"""Training.

For Score Model
score matching denoising
"""
import torch
import wandb

def train_score(self, 
                train_dataLoader, 
                accumulation_step,
                ema, 
                train_epoch, 
                grad_clip, 
                local_rank=-1,):
    """Training Score.

    Training score entropy

    Args:
        train_dataLoader: the true data for learning, data are the observations from the target distribution
        accumulation_step: gradient accumulation step
        ema: exponential moving average
        grad_clip: gradient clipping
        train epoch
    """
    batch_size = train_dataLoader.batch_size
    
    device = torch.device(f"cuda:{local_rank}" if torch.cuda.is_available() else "cpu")
    eps = self.eps
    
    self.Q_model.eval()     # freeze the Q model
    self.Q_model.requires_grad = False
    self.score_model.train()

    optimizer = self.score_optimizer
    optimizer.zero_grad()
    scaler = self.scaler
    self.Q_optimizer.zero_grad()

    if local_rank in [-1, 0]:
        print("=============================")
        print("|      Score model          |")
        print("=============================")

    epoch_total_loss = 0
    for epoch in range(train_epoch):
        total_loss = 0
        for step, raw_batch in enumerate(train_dataLoader):
            with torch.no_grad():
                # [batch, seqlen]
                if isinstance(raw_batch, dict):
                    batch = raw_batch['input_ids'].to(device)
                else:
                    batch = raw_batch.to(device)

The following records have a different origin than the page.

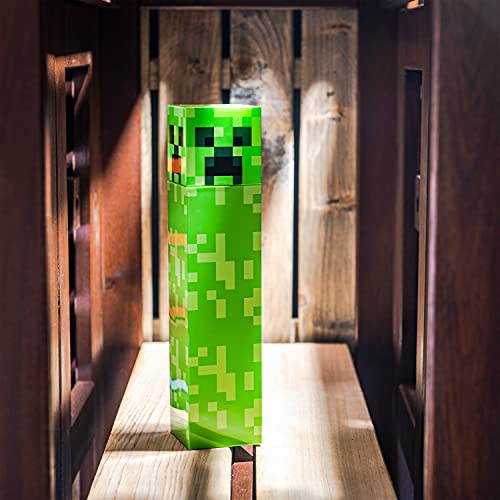 Zak Designs Minecraft Creeper Square Shaped Water Bottle with Screw-on Lid, Durable Material Water Bottle Has Break Resistant Design (22oz, Plastic, Non BPA)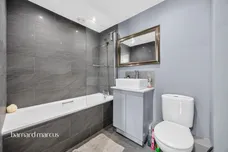 Heron Way, Wallington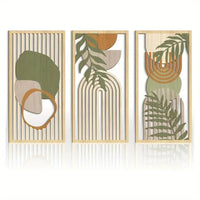 Trois panneaux décoratifs muraux en bois avec motifs abstraits et végétaux.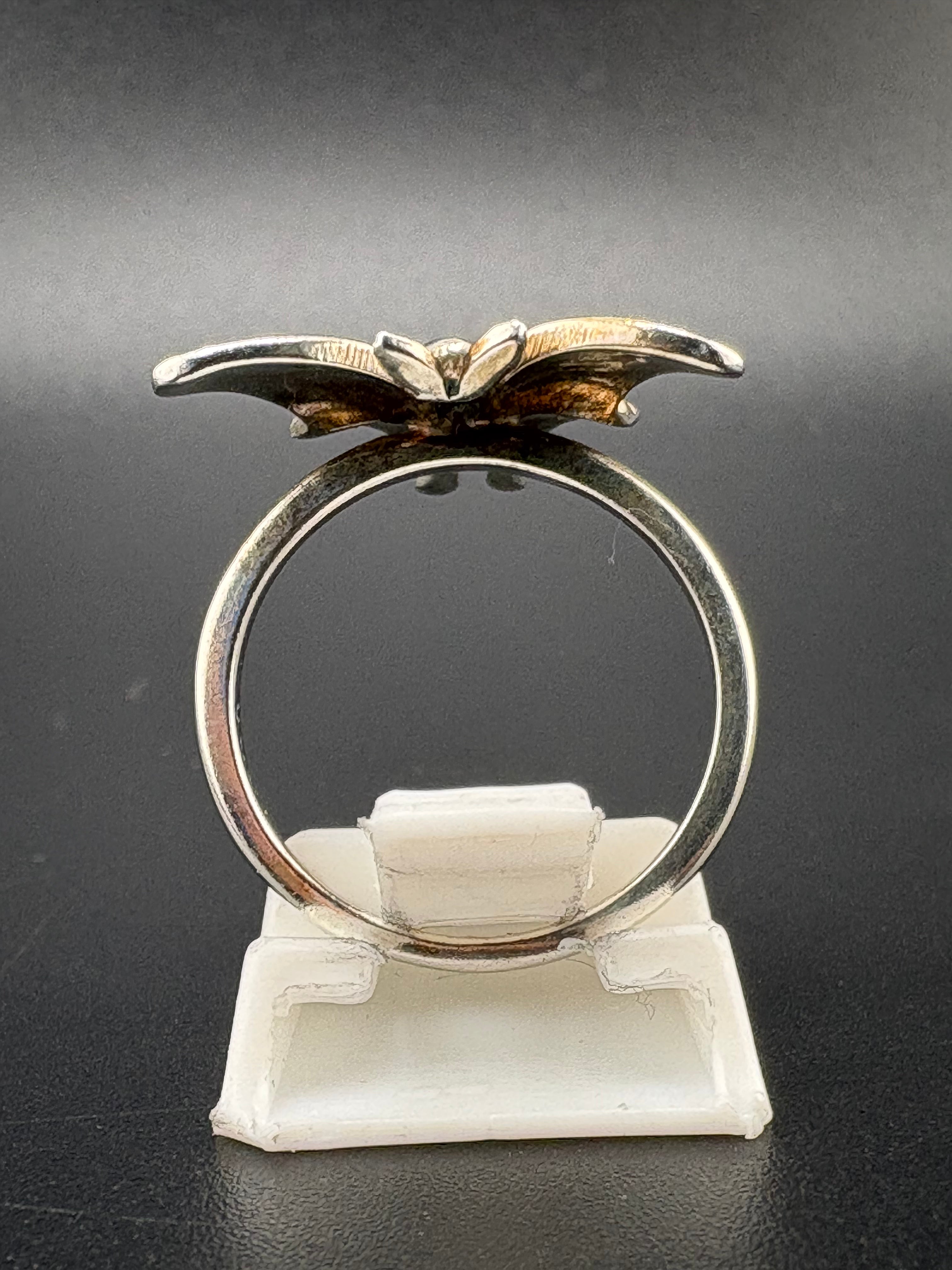 .925 Sterling Silver Moth Ring – 4.71g – Size 5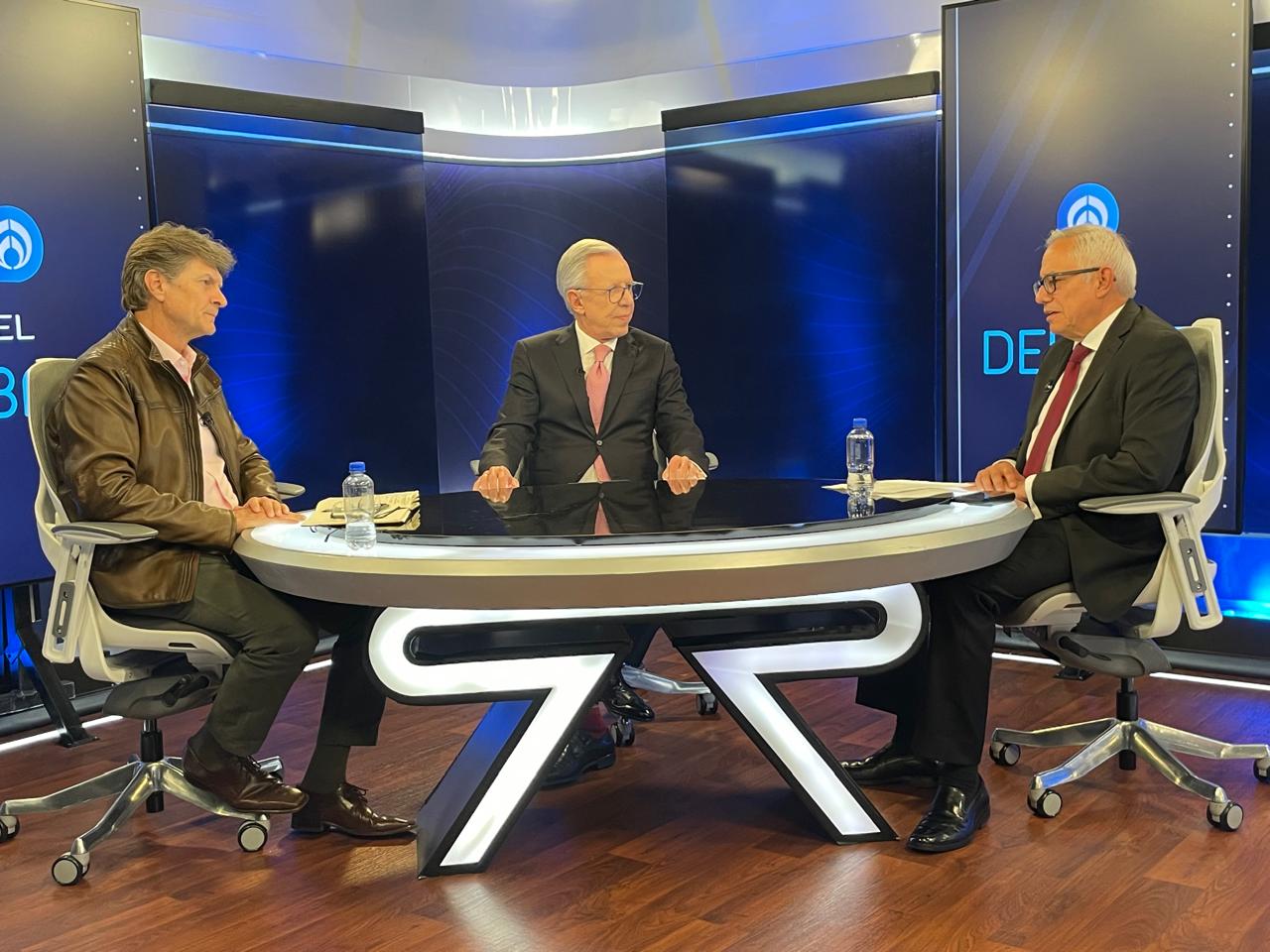 Economía, programas sociales y Afores; debaten Enrique de la Madrid y Jorge Gaviño Economía, programas sociales y Afores; debaten Enrique de la Madrid y Jorge Gaviño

                batch_size = batch.shape[0]
                seqlen = batch.shape[1]

                # randomly sample time 
                # [batch, 1]
                time = (1 - eps) * torch.rand((batch_size, 1), device=device) + eps

                # [batch]
                h_sigma_t = self.scheduler.get_integral(time).view((batch_size))
                sigma_t = self.scheduler.get_sigma(time).view((batch_size))

                # noise added data
                # [batch, seqlen]
                perturbed_batch = self.add_noise(batch, h_sigma_t, local_rank=local_rank)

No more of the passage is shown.